Florence is known for its great art, fashion, and (most importantly) its gelato. As the birthplace of this dessert that is arguably better than ice cream, Florence has a lot of life-changing gelaterias. But like any tourist destination, there are crappy knock-offs not worthy of your taste buds.
As a notorious sweet tooth and lover of a good challenge, I decided to find the best gelaterias in each neighborhood in Florence. As a disclaimer, I only tried places in central Florence because 1) I did not have a Vespa to get around in, and 2) I did not have an Italian boyfriend with a Vespa to get around in.
I almost exclusively went to Edoardo’s my first couple of weeks in Florence because it’s that friggen good. Grom, an Italian chain, is a block away, but unless you’re in the market for a gluten-free cone they’re nothing special. Edoardo’s makes their waffle cones fresh in front of you, with the buttery goodness wafting blocks away. It’s all organic and there are vegan flavors as well.
#SpoonTip: The gianduja (chocolate and hazelnut) is a must, but the pistachio, cinnamon, and wine-sorbet flavors are also amazing.
La Strega has two locations in Florence: one by the Duomo and a larger one over the river en route to Piazzale Michelangelo. This is the classic creamy gelato that dreams are made of. It’s stored in tins, which means it’s high quality and was probably made that day.
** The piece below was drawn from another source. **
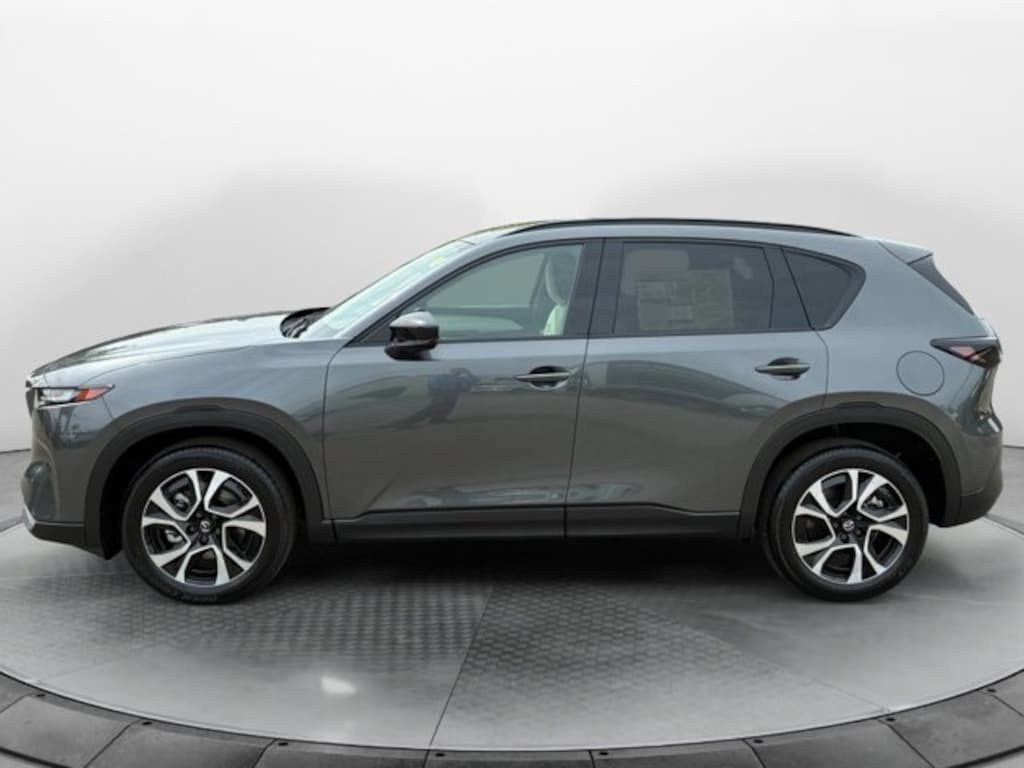 New 2026 Mazda CX-5 2.5 S Preferred AWD Sport Utility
#SpoonTip: The nocciola, buontalenti (mascarpone), and lavender flavors are all to die for.
The Ponte Vecchio
The Ponte Vecchio is gelato mayhem, with mountains of neon-colored gelato and cones bigger than your face. Pass on the artificially colored crap and go to Venchi. Honestly, I didn’t want to like Venchi because it’s a chain, it looks way too bougie, and the gelato is €4.50 for the amount you can get for €3 almost anywhere else. But it’s actually pretty good and, as it’s across from the leather market on the same road as the Ponte Vecchio, it’s a safe haven from that slew of BS.
#SpoonTip: Don’t miss out on the mascarpone with figs and honey.
If you’re studying abroad and looking for someplace to become a regular, this is it. Marco makes the gelato and his wife works the counter, and not only do they make amazing gelato, but they’re also incredibly friendly and have a punch card for students so you can holla for that free food.
It’s down the street from the more well-known Vivoli, but the flavor and texture of Ottaviano’s gelato is far better. All the ingredients are high quality and locally sourced, with the ricotta coming from a farm 20 minutes away. There are also GF and sugar-free options.
#SpoonTip: The best flavors are the chocolate banana, ricotta with figs, and peanut (especially if you’re missing the US).
It’s not easy for me to choose a favorite gelateria, but this is it. The gelato is creamy, with crazy deep flavors and usually a textural element like crunchy almonds. I might write an ode to Rivareno, I might marry it, we’ll see.
#SpoonTip: You absolutely have to taste the Alice (mascarpone with chocolate hazelnut sauce drizzled on top) and the Contessa (almond).
Piazza della Repubblica
Around since 1939, Perché No is a Florentine institution with a lot of lasting power. It’s Slow Food certified and makes gelato fresh every day. My Italian teacher Francesca also loves this place, so if you want to be like Francesca you should probably go.
#SpoonTip: Get the salted caramel and the ginger, which is only available on Tuesdays.
Piazzale Michelangelo has great views and some awesome gelaterias en route, including La Strega and Vivaldi. Vivaldi uses fresh, all-natural ingredients to make some baller gelato. It is necessary to get a cone after making the trek to and from Piazzale Michelangelo because #foodisfuel.
#SpoonTip: Try the ricotta or the dark chocolate (or both).
Just over the Santa Trinita bridge, this place almost always has a line out the door. The gelato is good, classic, and creamy. No complaints. Go in the evening to grab a cone and watch the sunset from Ponte Santa Trinita and marvel at how damn beautiful Firenze is.
#SpoonTip: The flavors you need to try ASAP are pistachio, dark chocolate, and the sesame if you’re feeling adventurous
This was the most unique gelato I had in Flo-Town and is the place to go for sorbet flavors. It’s a tiny shop in Piazza Della Passera, which is prime for eating an afternoon gelato on one of the benches. The flavors rotate often and the owners don’t speak English very well, so I’m not even entirely sure what I had there but it was good.
#SpoonTip: Get the mojito sorbet (yeah, seriously), the Monnalisa, or the almond.
After trying gelato from 15 different places, these are my recs, but there’s always more gelato to be discovered in Florence. Happy travels and stay hungry, my friends.